Programming by modules using the C language means splitting every source code into an header file module1.h that specifies how that module talks to the clients, and a corresponding implementation source file module1.c where all the code and the details are hidden. The header contains only declarations of constants, types, global variables and function prototypes that client programs are allowed to see and to use. Every other private item internal to the module must stay inside the code file as they are implementation details clients do not need to know. We will now describe in detail the general structure of the interface and the implementation files.

Module interface

Every interface file should start with a brief description of its purpose, author, copyright statement, version and how to check for further updates. All these information are simply C comments or Doxygen DocBlocks.

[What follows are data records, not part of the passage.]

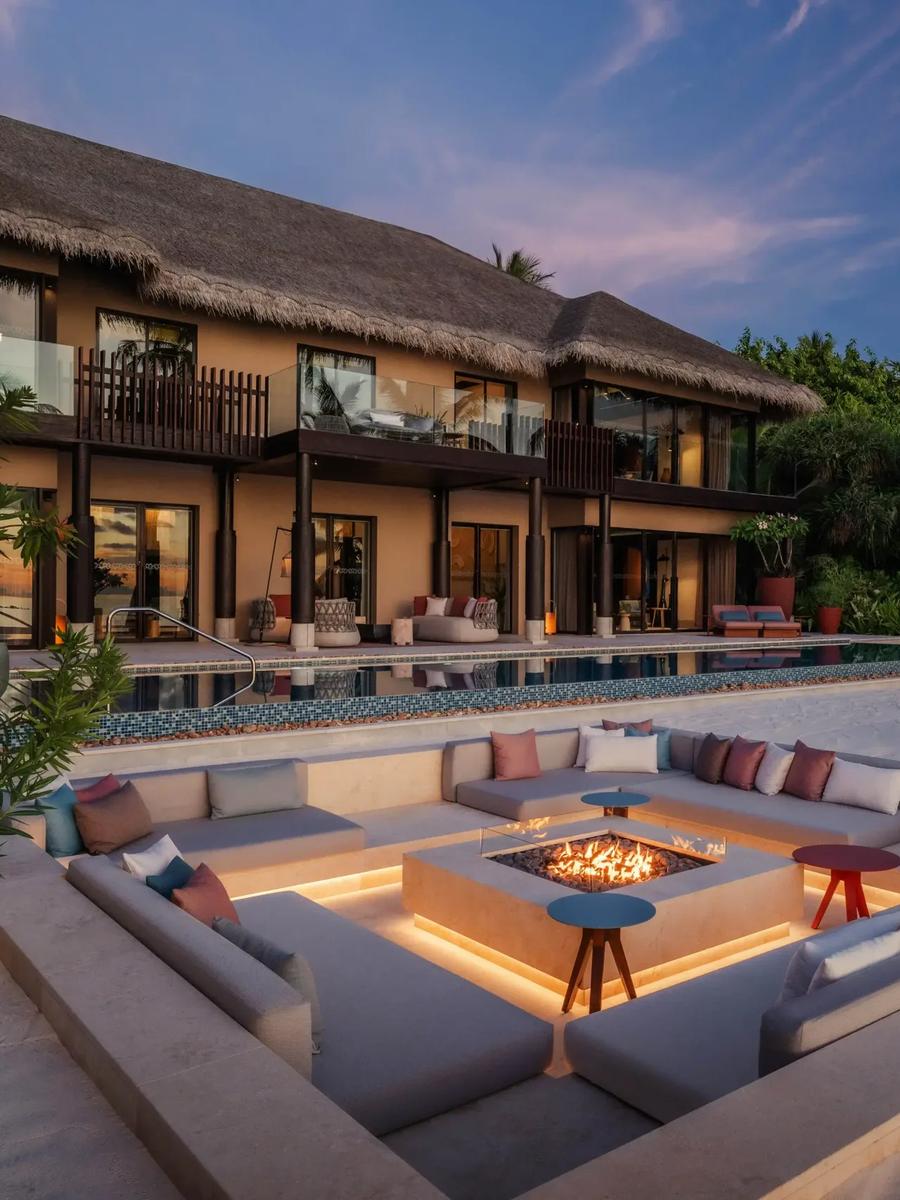 Nika Private Residence at dusk, its two-storey thatched building overlooking an infinity pool and sunken fire-pit lounge on the beach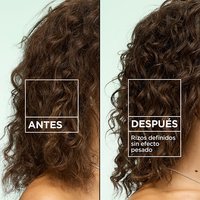 Before and after comparison: frizzy hair transformed into defined curls with no weighdown using Garnier Fructis Curl Construct Creation Mousse.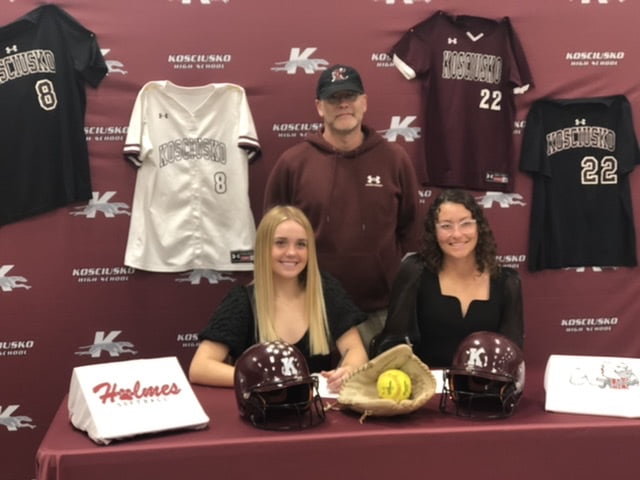 Two Lady Whippets sign with Holmes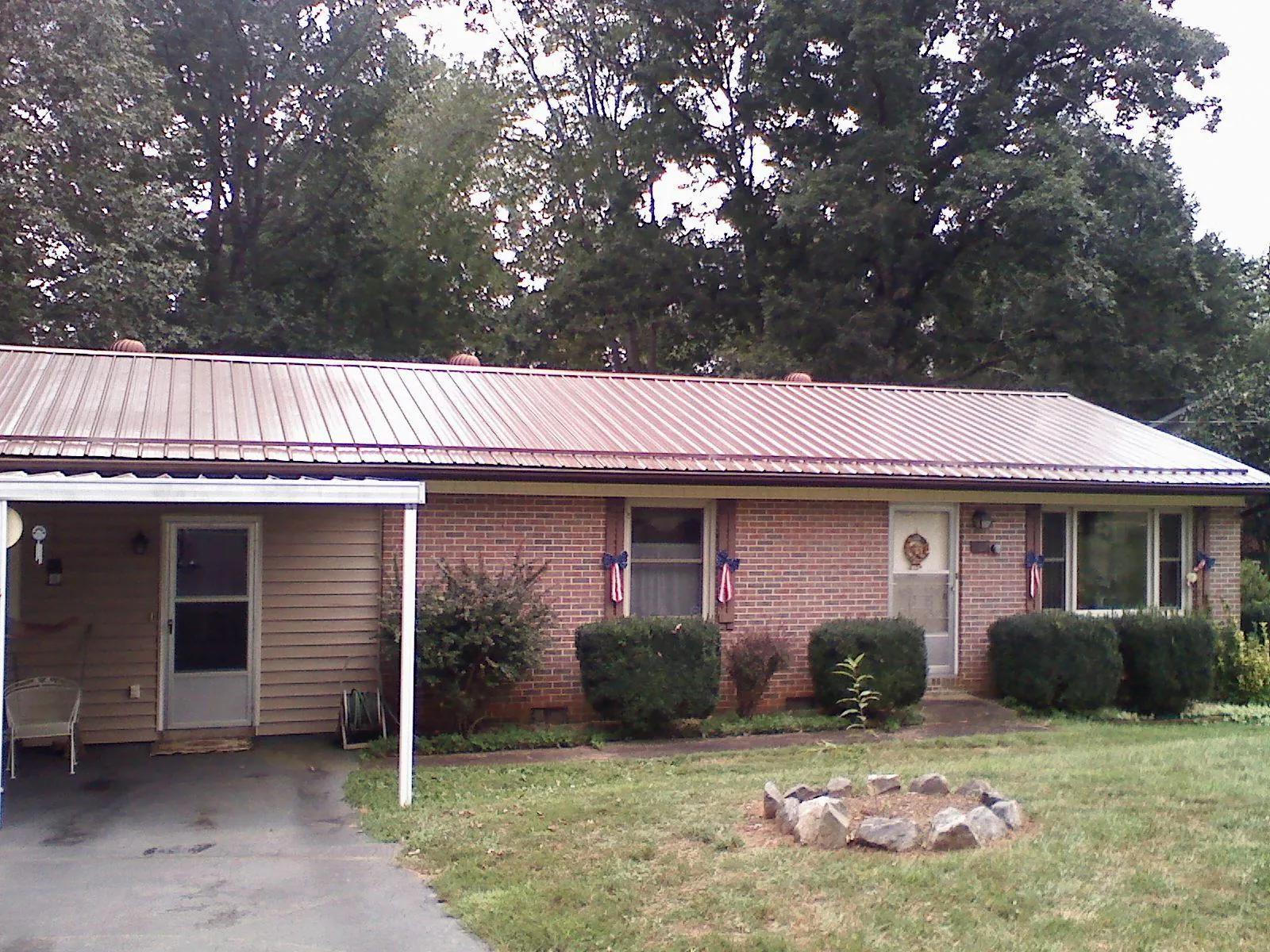 Bronze metal roof and carport on a brick ranch home — Roof Repair work by our crew in Vance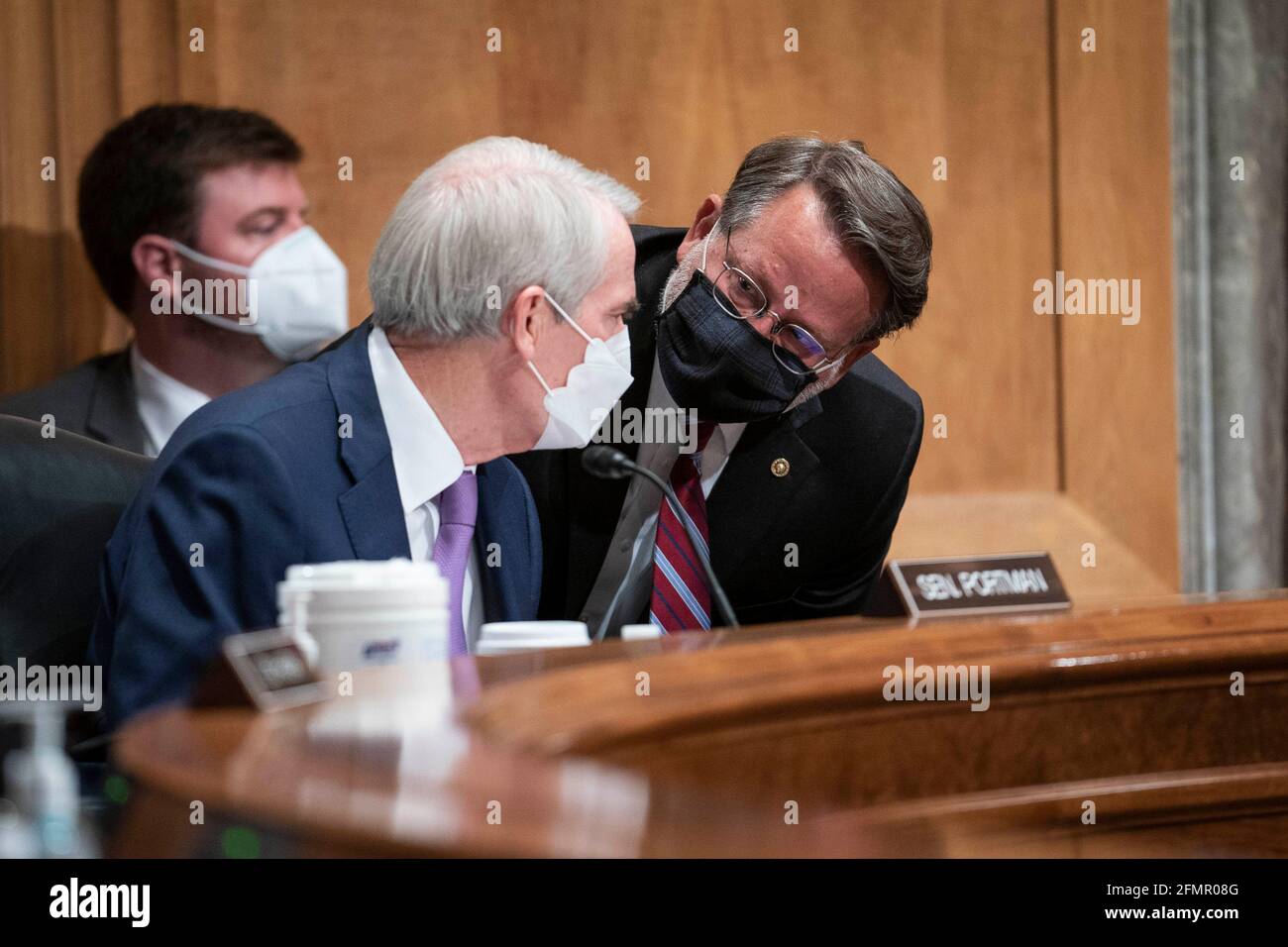 Washington, USA. 11th May, 2021. Senator Rob Portman, a Republican from Ohio and ranking member of the Senate Homeland and Governmental Affairs Committee, left, speaks with Senator Gary Peters, a Democrat from Michigan and chairman of the Senate Homeland and Governmental Affairs Committee, during a committee hearing in Washington, DC, U.S., on Tuesday, May 11, 2021. The hearing is titled 'Prevention, Response, and Recovery: Improving Federal Cybersecurity Post-SolarWinds.' Photo by Sarah Silbiger/Pool/Sipa USA) Credit: Sipa USA/Alamy Live News Stock Photo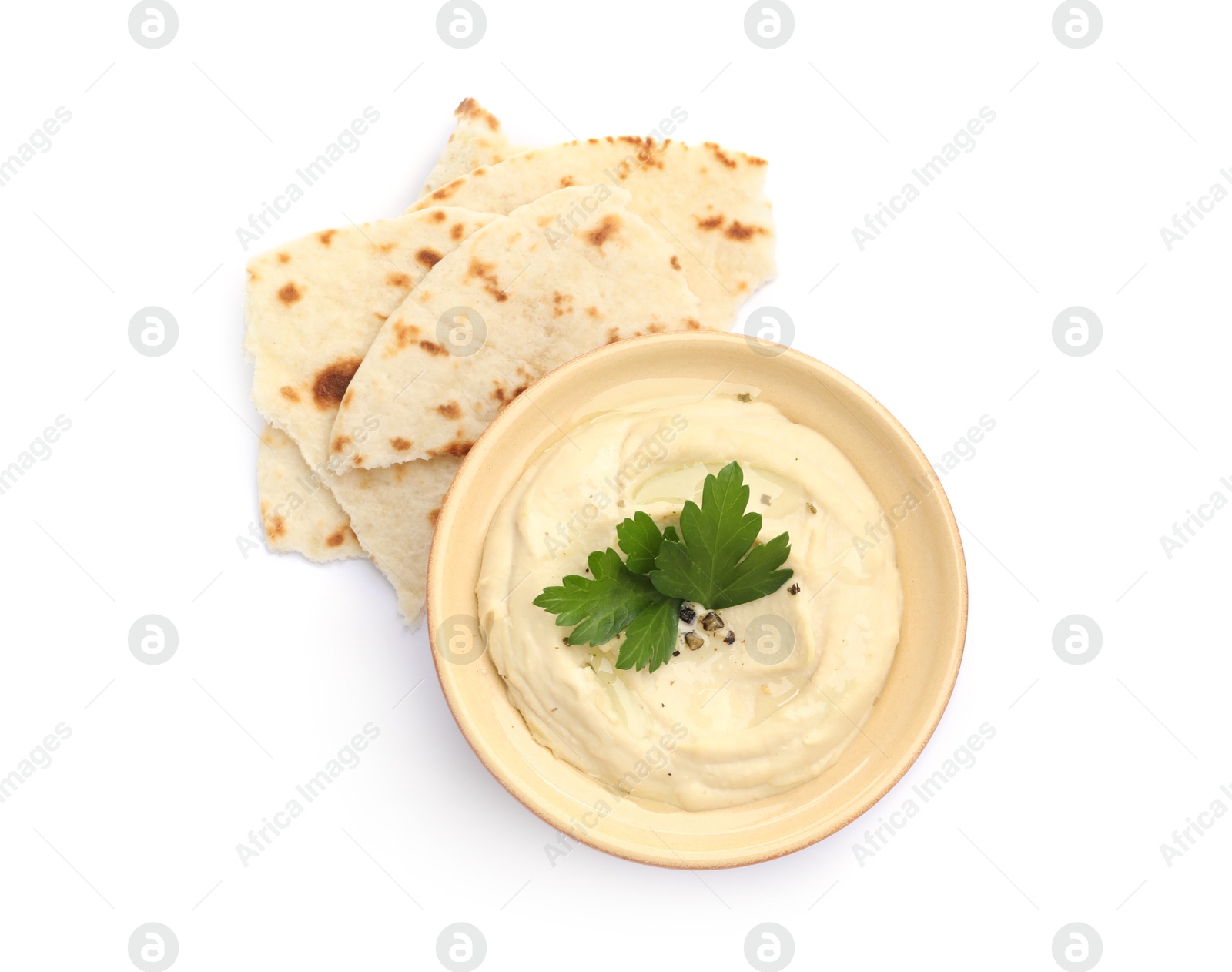 Photo of Delicious hummus with parsley and pita isolated on white, top view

Proper C declarations must be enclosed between C preprocessor directives that prevent the same declarations from being parsed twice in the same compilation run. Here is the skeleton of our module1.h interface file using Doxygen DocBlocks:

/**
 * Skeleton example of a C module. Illustrates the general structure of a
 * module's interface.
 * @copyright 2008 by icosaedro.it di Umberto Salsi
 * @license as you wish
 * @author Umberto Salsi <salsi@icosaedro.it>
 * @version 2008-04-23
 * @file
 */

#ifndef module1_H
#define module1_H

/*
 * System headers required by the following declarations
 * (the implementation will import its specific dependencies):
 */
#include <stdlib.h>
#include <math.h>

/*
 * Application specific headers required by the following declarations
 * (the implementation will import its specific dependencies):
 */
#include "module2.h"
#include "module3.h"

/* Set EXTERN macro: */
#ifdef module1_IMPORT
    #define EXTERN
#else
    #define EXTERN extern
#endif

/* Constants declarations here. */

/* Types declarations here. */

/* Global variables declarations here. */

/* Function prototypes here. */

#undef module1_IMPORT
#undef EXTERN
#endif

As a general rule, to prevent collisions in the global space of names, every public identifier must start with the name of the module, then an underscore, and then the actual name of the item.

The purpose of the module1_IMPORT and the EXTERN macros is to allow the same definition file to be included by client modules AND the implementation of the module, so that global public variables can be declared only once, and the compiler can check if the function prototypes do really match their implementation.

And here is the trick. The implementation file module1.c will define the macro module1_IMPORT just before including its own header file; in this way the EXTERN macro is left empty and all the public variables and public functions will result properly defined: variables will be allocated by the compiler in the text section of the generated object file; function prototypes will be checked against their implementation.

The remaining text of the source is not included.